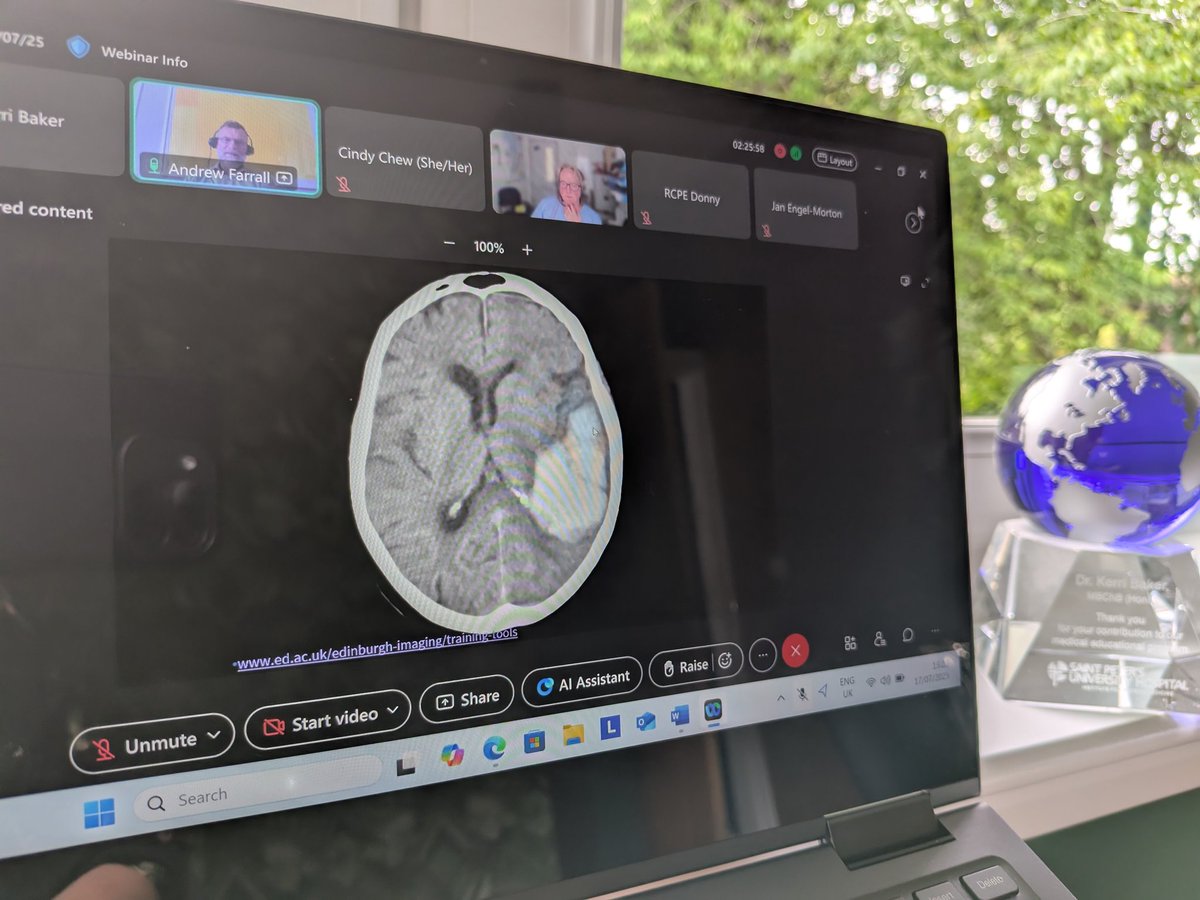 KerriBaker20's tweet image. Acute weakness, with differentiation between acute/subacute/chronic on CT; old blood can be mistaken for infarct! Who do we thrombolyse? What about BP control?
A helpful & dynamic run through by Dr Sarah Keir and Prof Andrew Farrell @RCPEdin #rcpeRadio25 @ShiYunZhao @scotrad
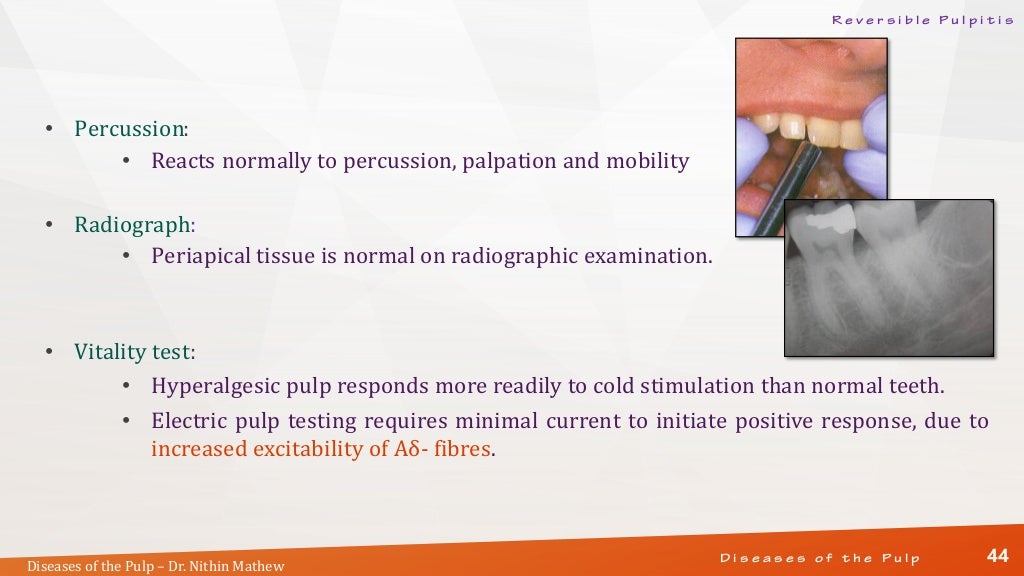 Diseases of the Pulp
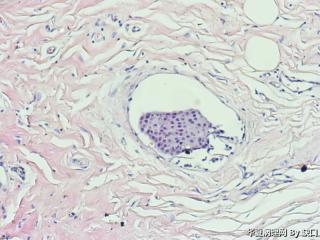 浸润性小叶癌？图7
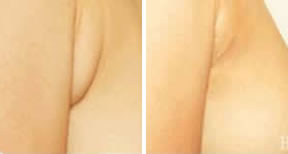 副乳切除手术前后对比照片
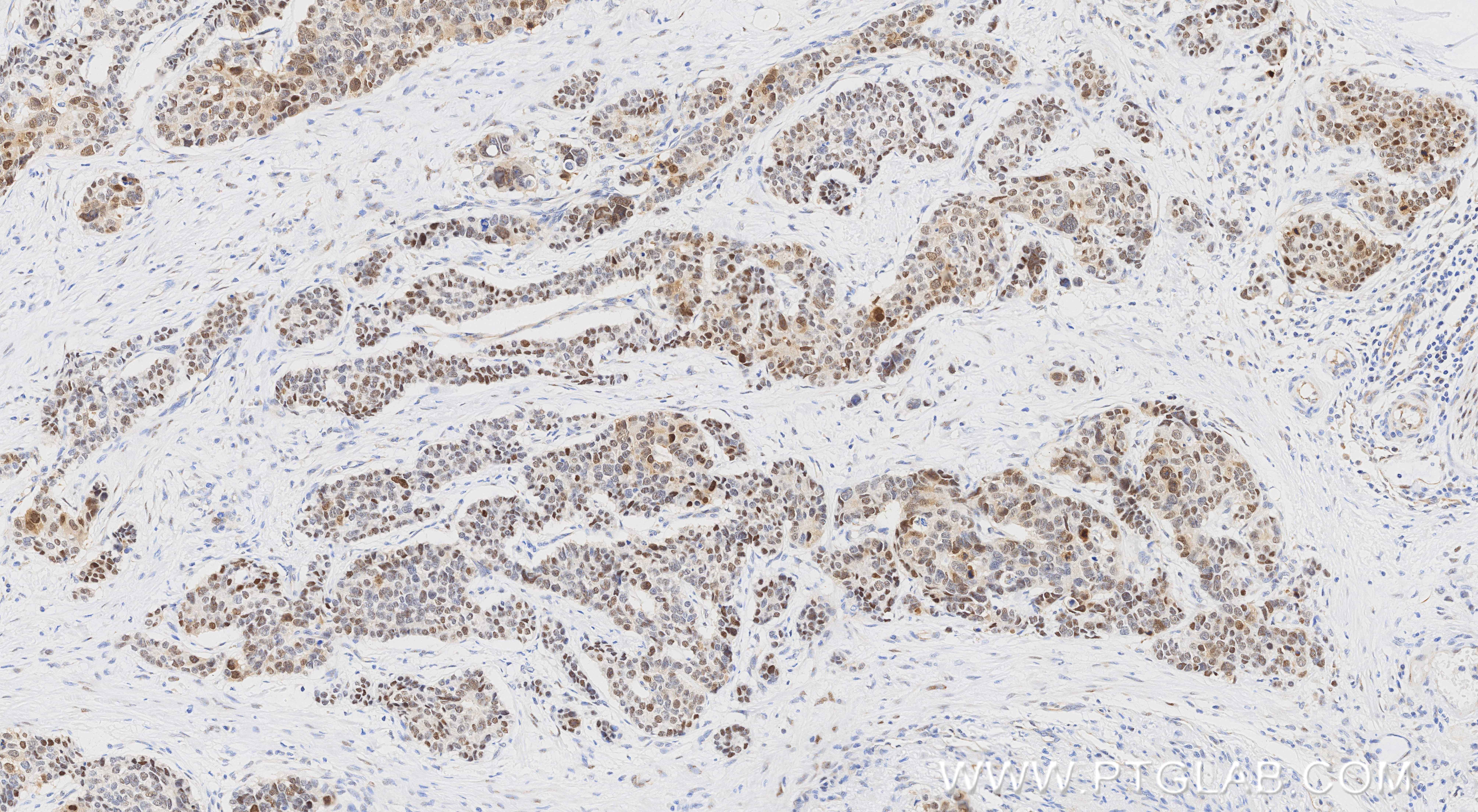 Immunohistochemical analysis of paraffin-embedded human stomach cancer tissue slide using <a class='green' href='/productredirect?CatalogNo=86278-1-RR' target='_blank'>86278-1-RR</a> (UBE2T/HSPC150 antibody) at dilution of 1:1000 (under 10x lens). Heat mediated antigen retrieval with Tris-EDTA buffer (pH 9.0). This data was developed using the same antibody clone with 86278-1-PBS in a different storage buffer formulation. IHC staining of human stomach cancer using 86278-1-RR (same clone as 86278-1-PBS)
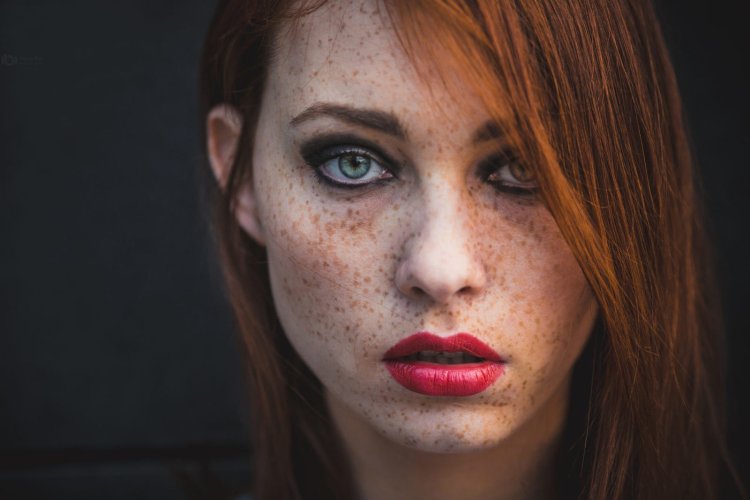 Красивые веснушки на лице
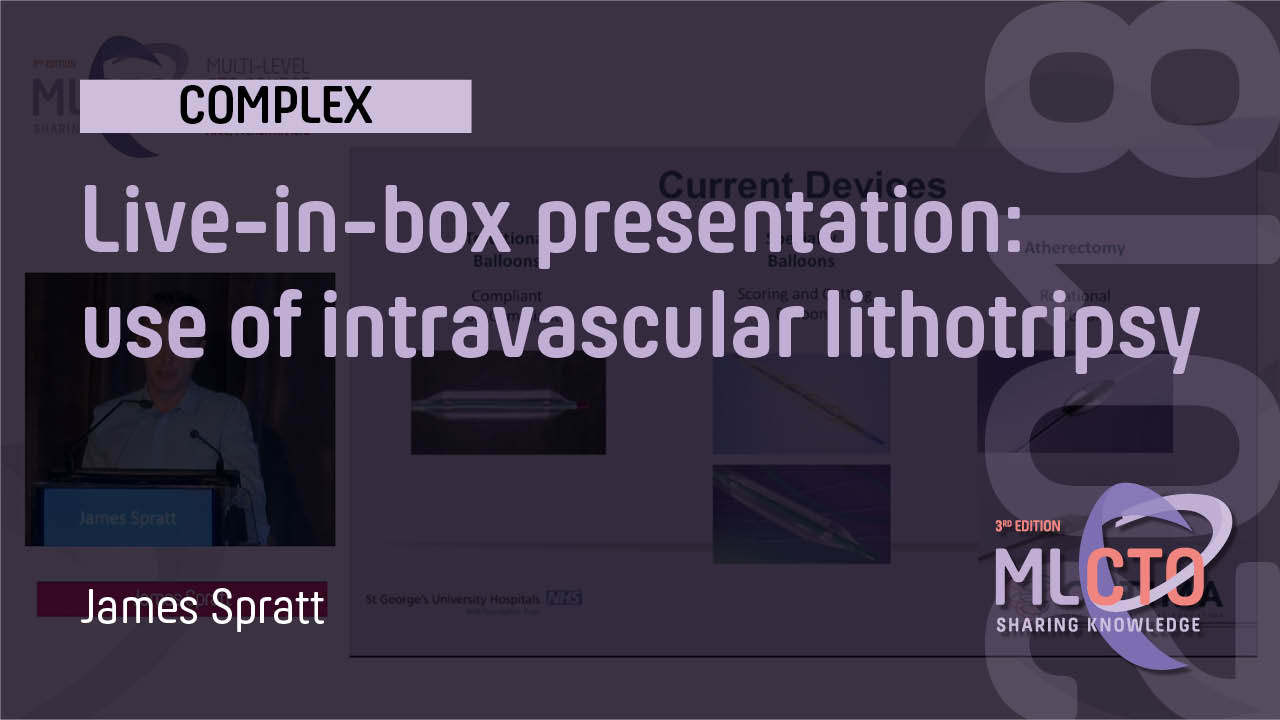 Live-in-box presentation: use of intravascular lithotripsy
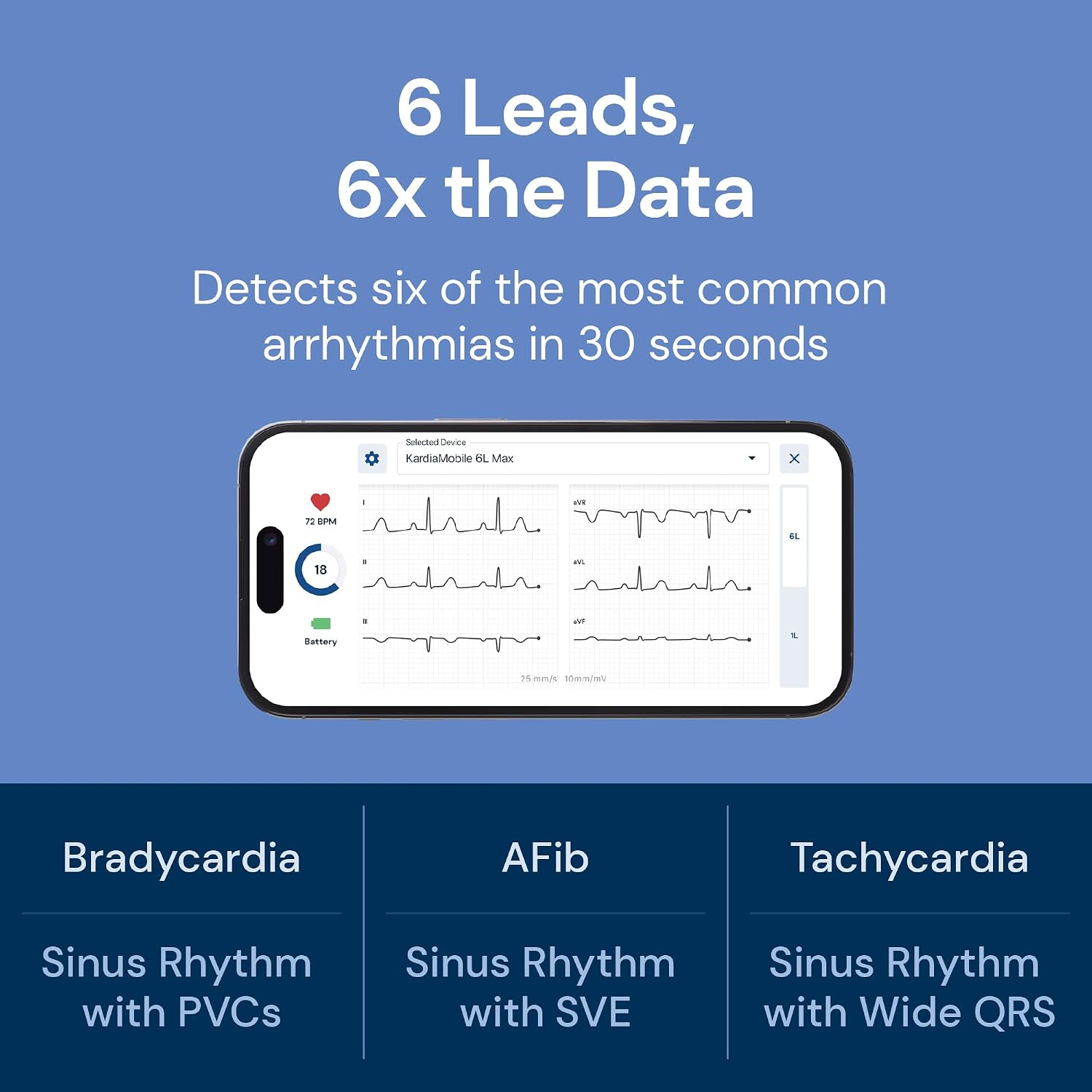 6L Max EKG Monitor, Includes One-Year KardiaCare Membership, FDA-Cleared Heart Monitor, Medical-Grade Results in 30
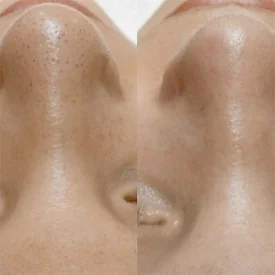 Маска 3 в 1 для удаления черных точек BIOAQUA Three Step Curved Nasal Mask For Removing Blackheads And Shrinking Pores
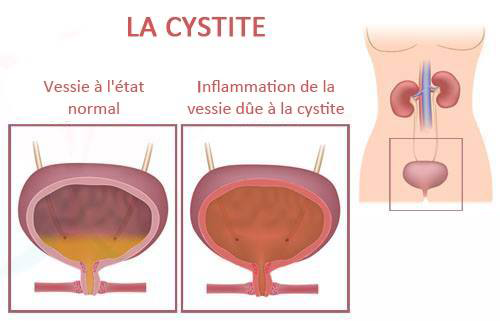 Schéma de l'inflammation d'une cystite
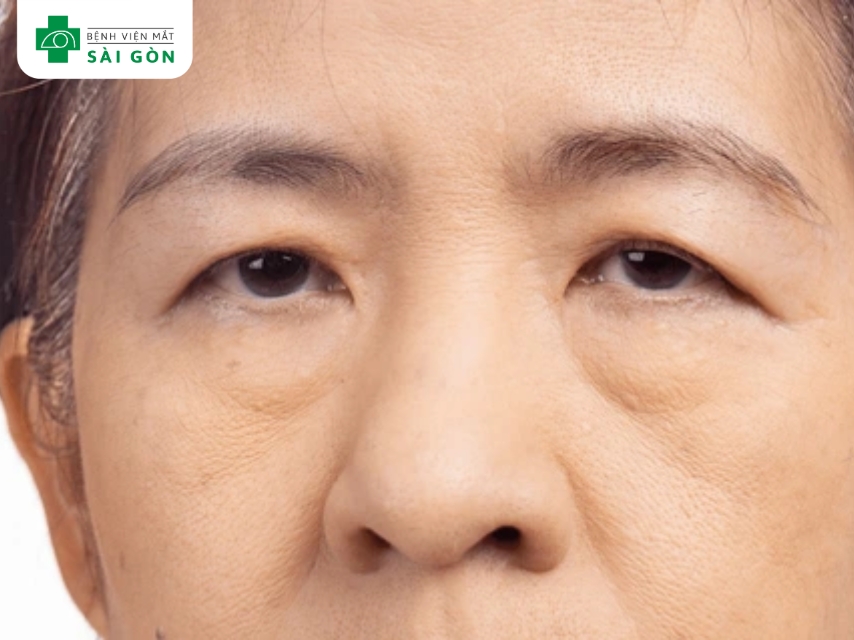Mí mắt bị sụp xuống là dấu hiệu phổ biến của bệnh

━━━━━━━━━━

TASK INSTRUCTIONS: Output all the records above exactly, but without their images.

REPLY TO THE TASK:
 KerriBaker20's tweet image. Acute weakness, with differentiation between acute/subacute/chronic on CT; old blood can be mistaken for infarct! Who do we thrombolyse? What about BP control?
A helpful & dynamic run through by Dr Sarah Keir and Prof Andrew Farrell @RCPEdin #rcpeRadio25 @ShiYunZhao @scotrad
 Diseases of the Pulp
 浸润性小叶癌？图7
 副乳切除手术前后对比照片
 Immunohistochemical analysis of paraffin-embedded human stomach cancer tissue slide using <a class='green' href='/productredirect?CatalogNo=86278-1-RR' target='_blank'>86278-1-RR</a> (UBE2T/HSPC150 antibody) at dilution of 1:1000 (under 10x lens). Heat mediated antigen retrieval with Tris-EDTA buffer (pH 9.0). This data was developed using the same antibody clone with 86278-1-PBS in a different storage buffer formulation. IHC staining of human stomach cancer using 86278-1-RR (same clone as 86278-1-PBS)
 Красивые веснушки на лице
 Live-in-box presentation: use of intravascular lithotripsy
 6L Max EKG Monitor, Includes One-Year KardiaCare Membership, FDA-Cleared Heart Monitor, Medical-Grade Results in 30
 Маска 3 в 1 для удаления черных точек BIOAQUA Three Step Curved Nasal Mask For Removing Blackheads And Shrinking Pores
 Schéma de l'inflammation d'une cystite
Mí mắt bị sụp xuống là dấu hiệu phổ biến của bệnh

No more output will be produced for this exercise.